BEGIN

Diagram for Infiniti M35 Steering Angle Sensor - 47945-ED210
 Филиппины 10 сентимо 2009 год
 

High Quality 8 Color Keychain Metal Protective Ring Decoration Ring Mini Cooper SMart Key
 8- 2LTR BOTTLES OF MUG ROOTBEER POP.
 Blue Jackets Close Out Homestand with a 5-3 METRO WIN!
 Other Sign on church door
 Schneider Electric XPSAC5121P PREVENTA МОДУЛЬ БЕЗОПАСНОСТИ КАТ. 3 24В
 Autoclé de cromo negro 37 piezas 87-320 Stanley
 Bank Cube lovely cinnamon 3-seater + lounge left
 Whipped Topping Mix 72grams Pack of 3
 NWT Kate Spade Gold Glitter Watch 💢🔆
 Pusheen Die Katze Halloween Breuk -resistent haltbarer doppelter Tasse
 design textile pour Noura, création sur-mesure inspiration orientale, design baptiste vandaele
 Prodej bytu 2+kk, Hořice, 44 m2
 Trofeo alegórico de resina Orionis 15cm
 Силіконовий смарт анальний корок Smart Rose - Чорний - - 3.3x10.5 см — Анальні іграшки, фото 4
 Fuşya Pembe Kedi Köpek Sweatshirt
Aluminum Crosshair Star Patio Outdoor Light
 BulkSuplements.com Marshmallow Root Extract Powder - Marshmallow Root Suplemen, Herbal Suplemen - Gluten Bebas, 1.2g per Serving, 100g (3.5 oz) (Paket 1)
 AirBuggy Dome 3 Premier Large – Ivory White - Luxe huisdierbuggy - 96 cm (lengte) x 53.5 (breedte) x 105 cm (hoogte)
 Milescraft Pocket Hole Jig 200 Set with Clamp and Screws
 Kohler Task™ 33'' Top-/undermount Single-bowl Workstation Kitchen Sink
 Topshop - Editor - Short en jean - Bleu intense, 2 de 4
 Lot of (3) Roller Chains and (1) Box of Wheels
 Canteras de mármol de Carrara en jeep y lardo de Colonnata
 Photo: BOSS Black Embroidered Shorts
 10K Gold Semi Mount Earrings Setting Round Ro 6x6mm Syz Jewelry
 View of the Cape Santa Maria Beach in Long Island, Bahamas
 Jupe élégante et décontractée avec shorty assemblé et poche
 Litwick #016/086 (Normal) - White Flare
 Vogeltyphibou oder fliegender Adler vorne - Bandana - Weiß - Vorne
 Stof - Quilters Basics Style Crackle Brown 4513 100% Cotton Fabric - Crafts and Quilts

END

== THE PROBLEM ==
Every line above that holds the string "with" should be copied into the answer.

== OUTPUT FOR THIS TASK ==
 Blue Jackets Close Out Homestand with a 5-3 METRO WIN!
 Milescraft Pocket Hole Jig 200 Set with Clamp and Screws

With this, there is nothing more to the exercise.